You see, I am infertile.  Yep, I said it.  INFERTILE.  Whenever, you hear women talk about their struggles with infertility, they usually say, "We are experiencing some infertility", or "We are having some trouble getting pregnant".   Well, let me just say after 18 years of trying with absolutely no success,  I get the gold star!  I can not even begin to tell you of the struggles, depression, anger and bitterness that I have wrestled with my whole adult life over my infertility.  The bible says, "the fruit of the womb is His reward".  I have went through many periods of utter despair over not receiving that "reward", when I faithfully served and followed Him.  Even my adopted loves have a birth mother, a lady who got to feel them move, give birth and be "rewarded".  At times it was like a slap in my face.  In my mind there was this secret club that I could never belong to no matter how hard I tried.  If you are infertile like me, you know which one I'm talking about.  It's the one that gathers at every baby shower, womens night out and even holiday gatherings.  It's the "lets all tell our pregnancy tales" club.  I can remember sitting there so many times wanting the floor to swallow me as midnight cravings were discussed or the excitement of feeling the baby kick, fighting back tears because I had nothing to contribute.  Many times I have quietly gotten up from the  conversation with no one realizing the silent anguish I carried inside. 

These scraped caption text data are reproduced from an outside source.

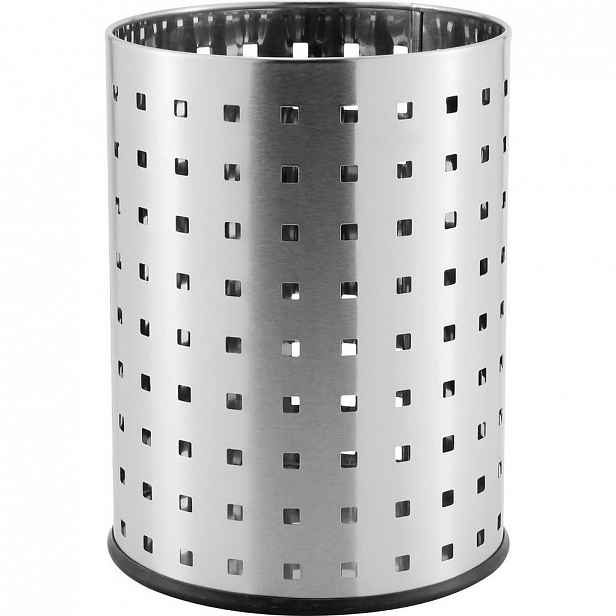 XXXLutz KOŠ NA PAPÍR, 7 l Homeware - Odpadkové koše & kbelíky - 007112005001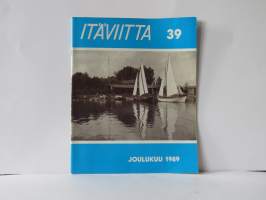 Itäviitta 39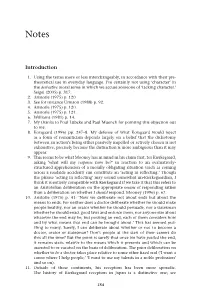Introduction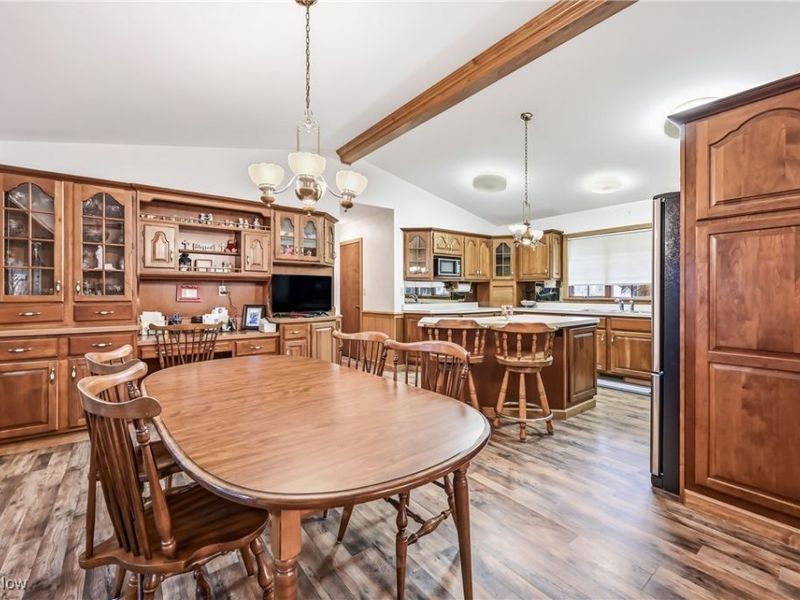 2342 Mccleary Jacoby Road, Cortland, OH 44410 Photo 22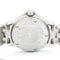 Montre Omega Seamaster 120M Quartz Watch Stainless Steel 58 Facettes lzhoutzaee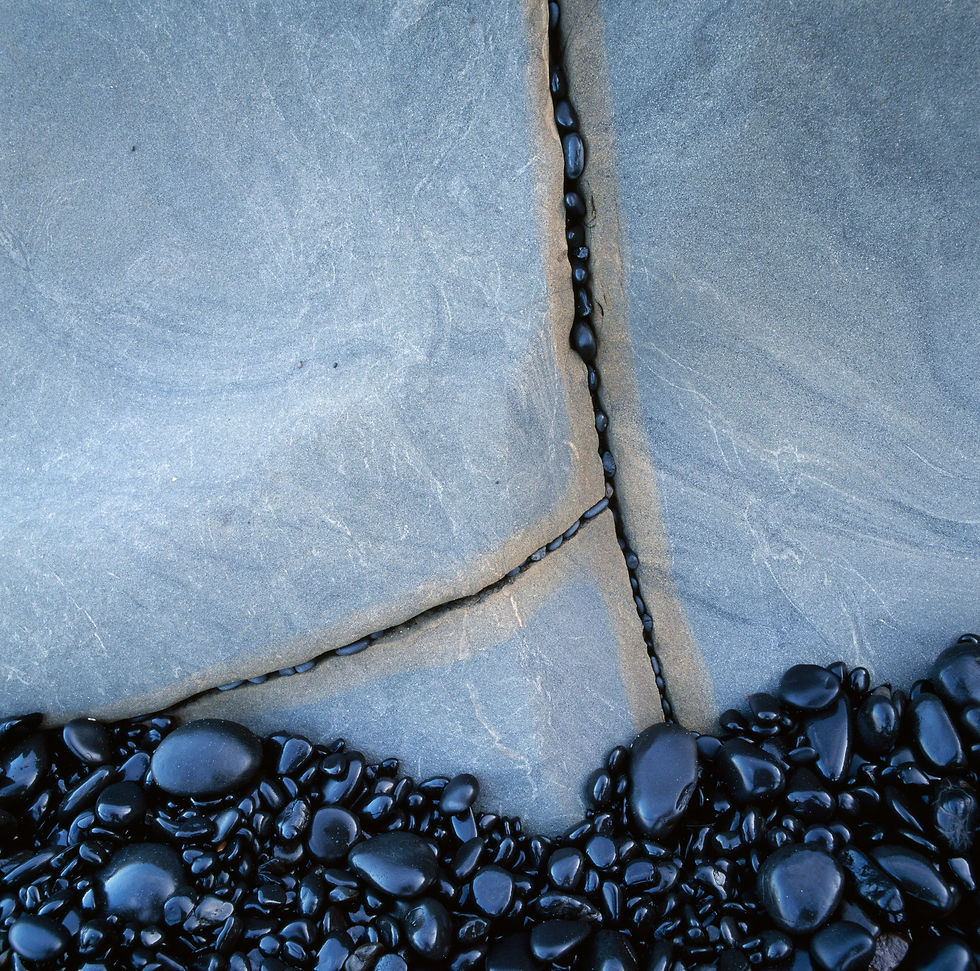 BT Stone Nr. 42-18250662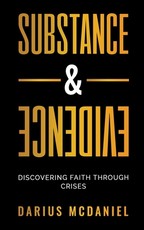 Substance & Evidence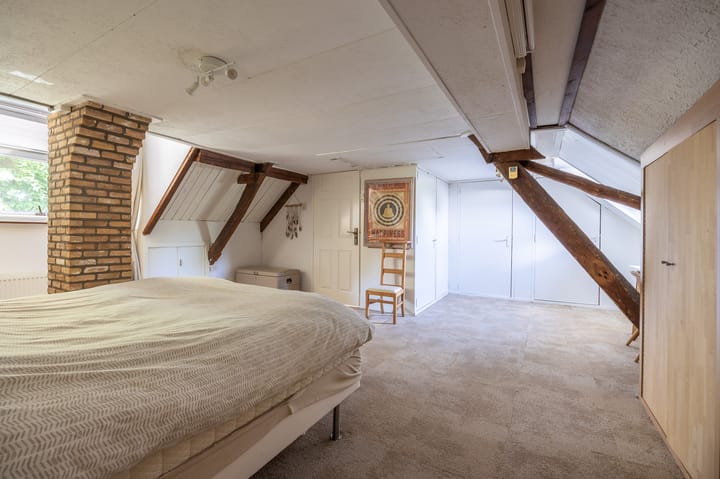 Photo 35 of Grintweg 18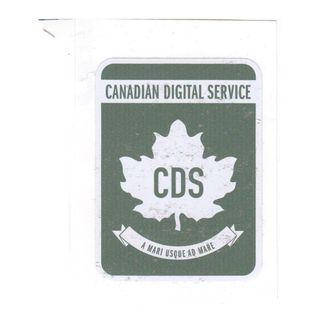 Courtesy of @stephaniehobson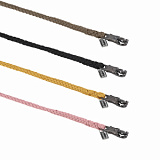 Чомбур Regular Panic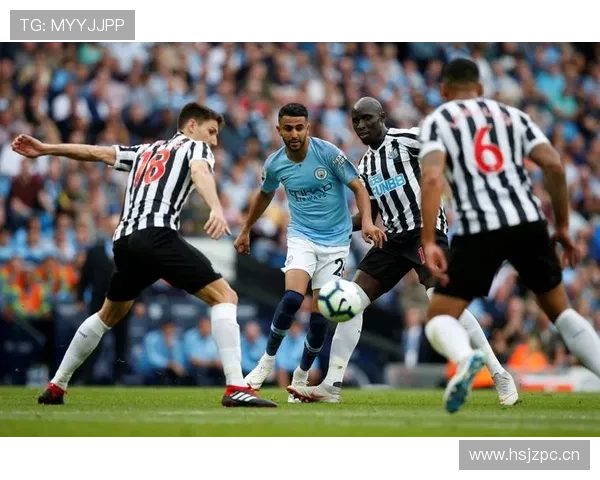 切尔西进攻效率低迷表现显现,近期多次狂轰滥炸难以破僵局,稳定性面临考验 切尔西进攻效率低迷表现显现,近期多次狂轰滥炸难以破僵局,稳定性面临考验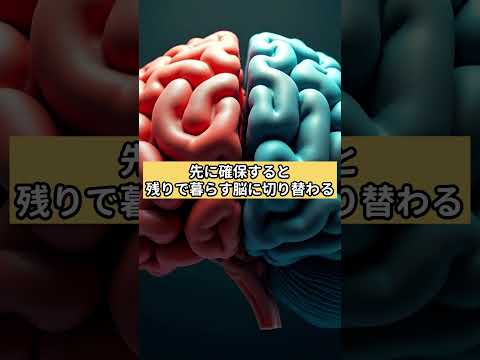 109946-gEoPGyY_TrA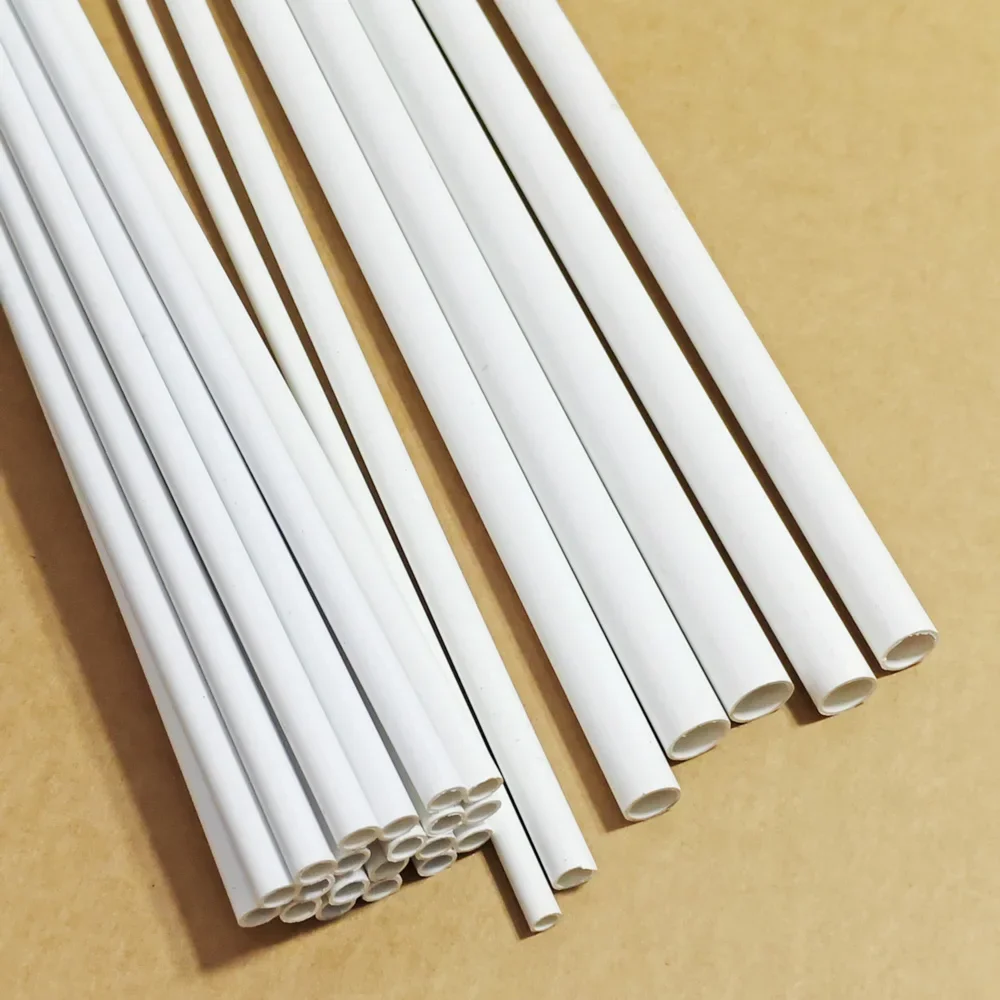 kf-S2679bc4c25bc430eb8a06b7eba4a3593R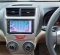 Daihatsu Xenia R 2015 MPV dijual-7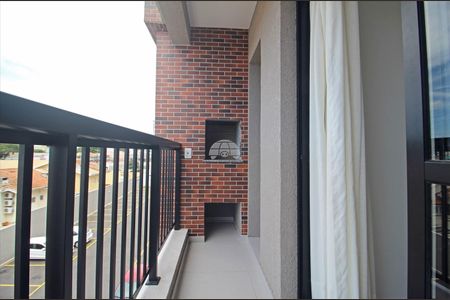 9_photo/94dcfa55ad.bbcf040c3e668a71-ATLAS-5791fbd1-950e-4716-8e01-b8e7fa4ce489.jpg de apartamento para alugar com 2 quartos, 48m² em Boqueirão, Curitiba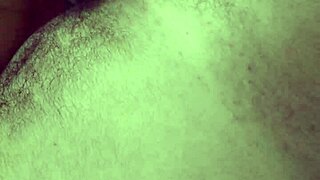 Neighbor's milf mom pussy tempts for secret masturbation help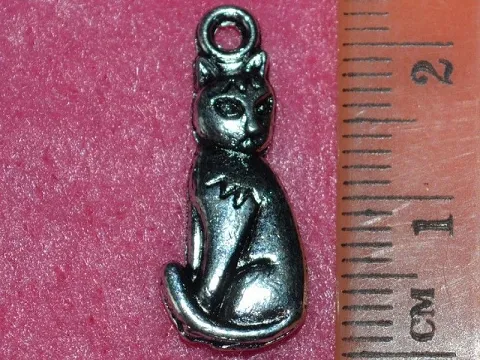 подвеска укр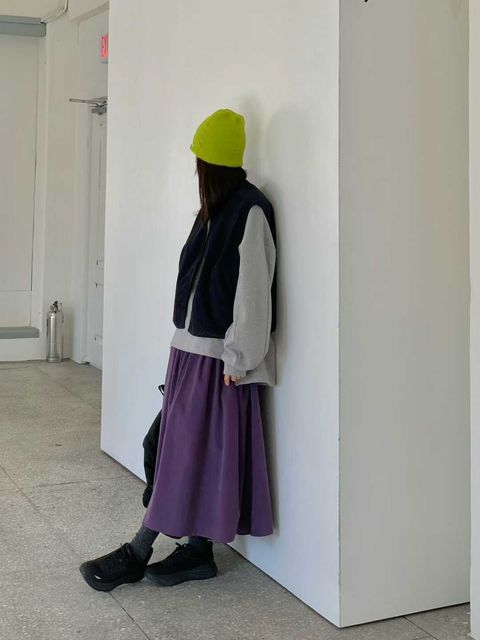 圖片_2025-12-04_142307_841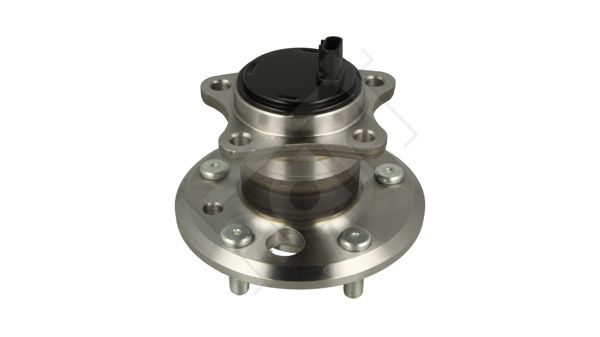 HART 903 369 Wheel bearing kit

If you have an infertile friend, please don't ever say, "I understand how you feel".  The sweetest thing my mom, my sisters and a few special friends have said to me is, "I'm sorry you are going through this battle, I love you, I'm praying for you".  They didn't understand my despair, but they shared in it, lending a listening ear when I needed to vent and that was so comforting and helpful to me.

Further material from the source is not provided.